• Task goal
Beginning at the line that contains "The Kooples - Single-Breasted" and finishing at the line that contains "6-8 Person Camping", output the data below exactly. Include both end lines and no pictures.

• Data in this exercise

------------------------------------

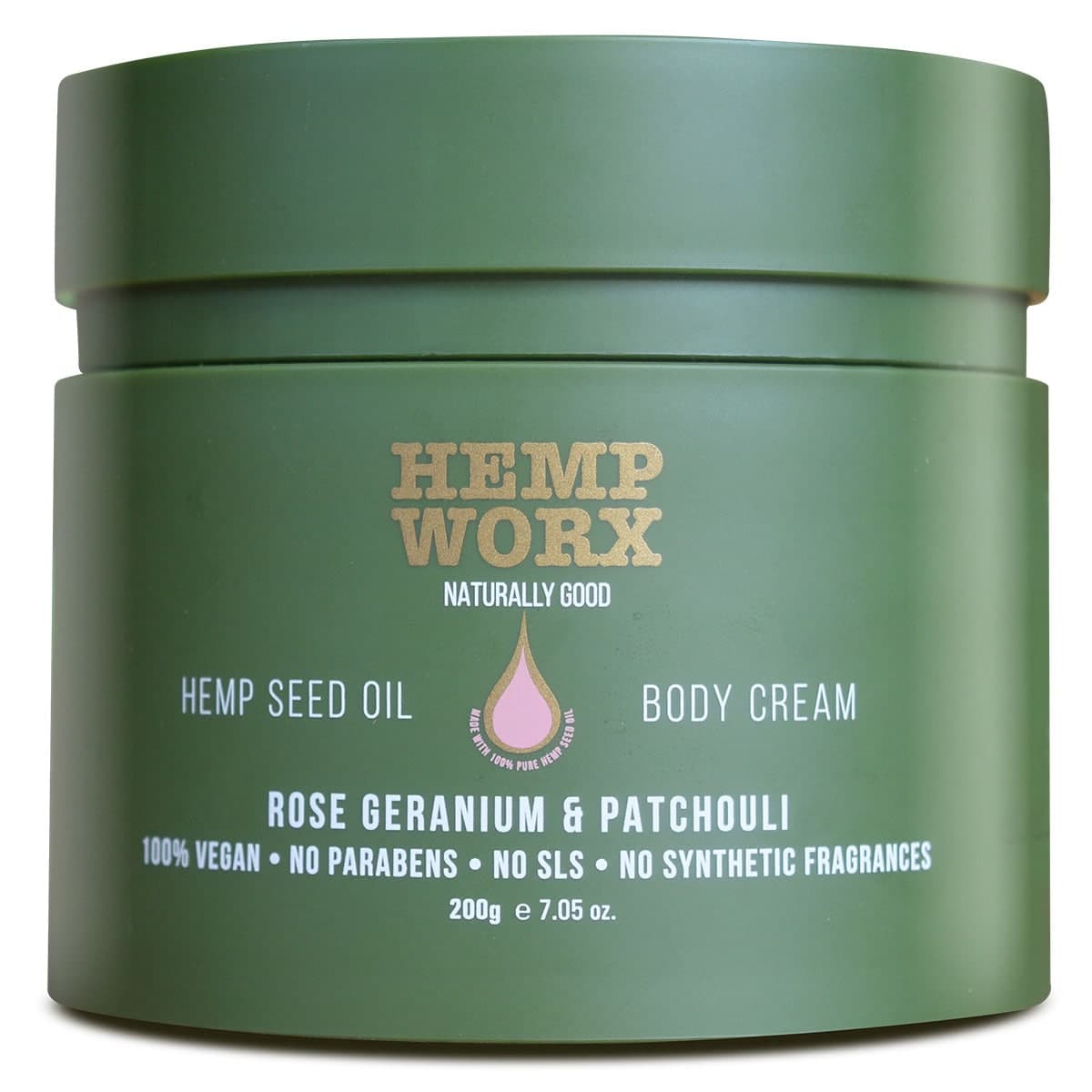 Hemp Worx Rose Geranium & Patchouli Body Moisturising Cream 200g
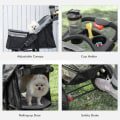 Pikkukuva 6 / 11: Rootz Dog Buggy - Cat Buggy - Koiravaunu - Lemmikkirattaat 3 pyörällä - Taitettava - Säädettävä kuomu - Oxford - Harmaa/Musta - 109,5 x 57,5 x 106,5 c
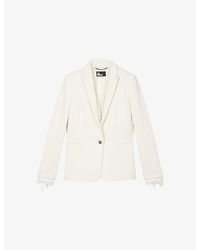 The Kooples - Single-Breasted Lace-Trim Woven Blazer - Lyst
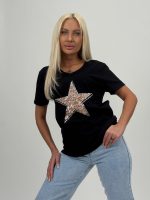 Tricou din bumbac accesorizat cu paiete și ștrasuri - imagine 5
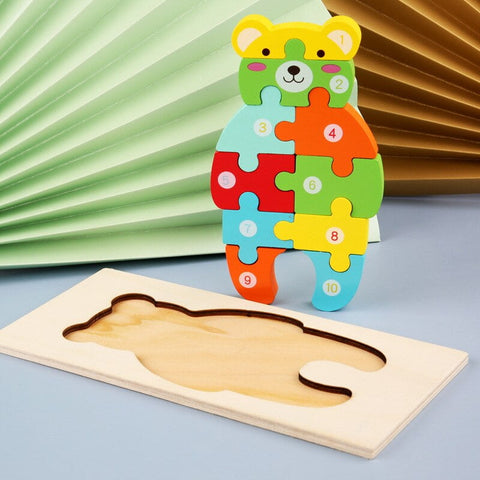 Extrokids Montessori  Wooden Toddler Puzzles for Kids - Bear - EKT1913J
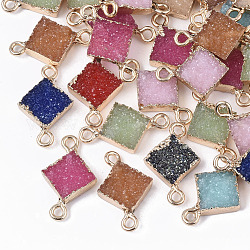 Druzy Resin Links connectors, with Edge Light Gold Plated Iron Loops, Rhombus, Mixed Style, Mixed Color, 20~21x13x4mm, Hole: 1.8mm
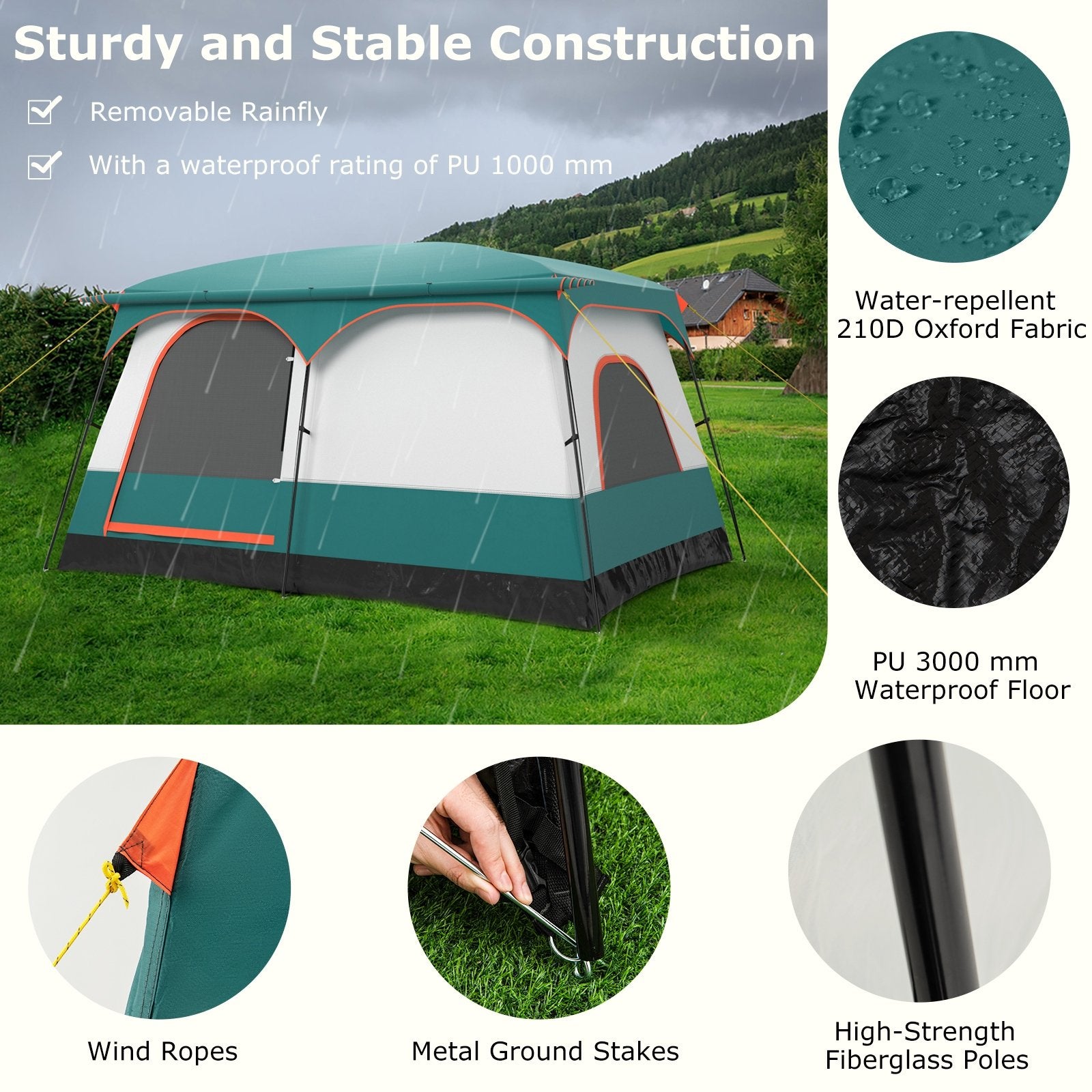 6-8 Person Camping Tent with Double Rooms and 2 Doors, Green Tents at Gallery Canada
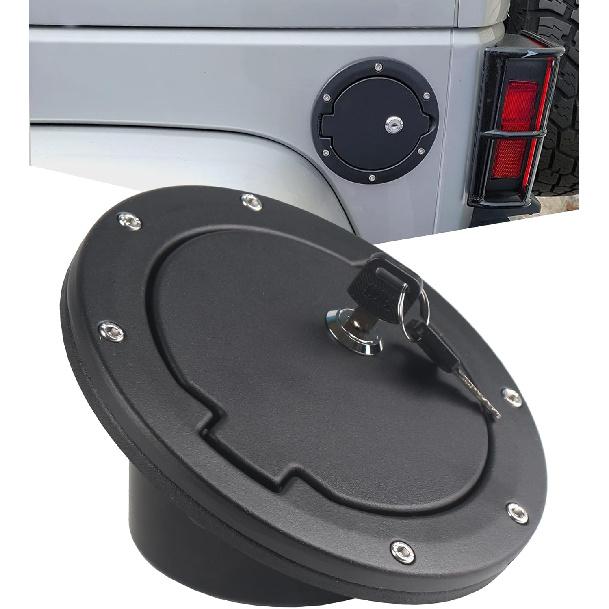 Black Gas Cap Cover Fuel Filler Door Cover Compatible with 2007-2017 Wrangler JK JKU 2/4-DOOR(NOT FOR 2018+ JL MODELS)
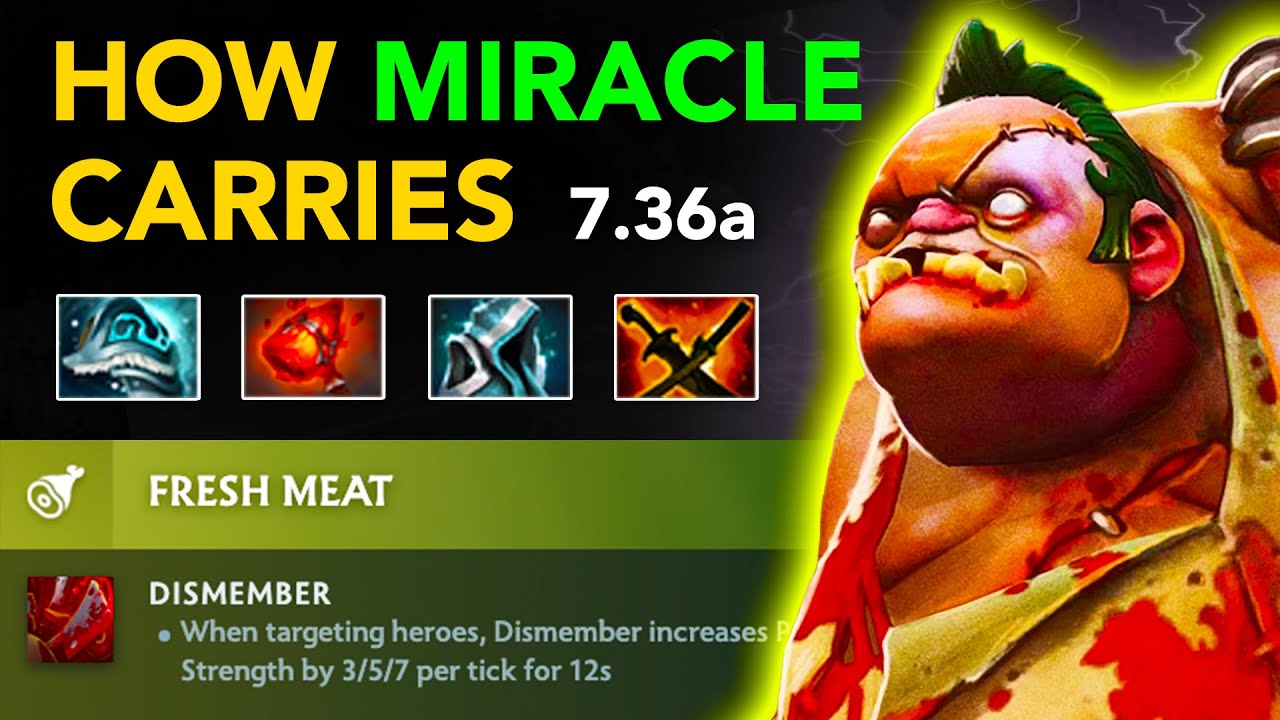 Miracle PUDGE Carry - Patch 7.36a | Full Gameplay Dota Class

------------------------------------

• Response
 The Kooples - Single-Breasted Lace-Trim Woven Blazer - Lyst
 Tricou din bumbac accesorizat cu paiete și ștrasuri - imagine 5
 Extrokids Montessori  Wooden Toddler Puzzles for Kids - Bear - EKT1913J
 Druzy Resin Links connectors, with Edge Light Gold Plated Iron Loops, Rhombus, Mixed Style, Mixed Color, 20~21x13x4mm, Hole: 1.8mm
 6-8 Person Camping Tent with Double Rooms and 2 Doors, Green Tents at Gallery Canada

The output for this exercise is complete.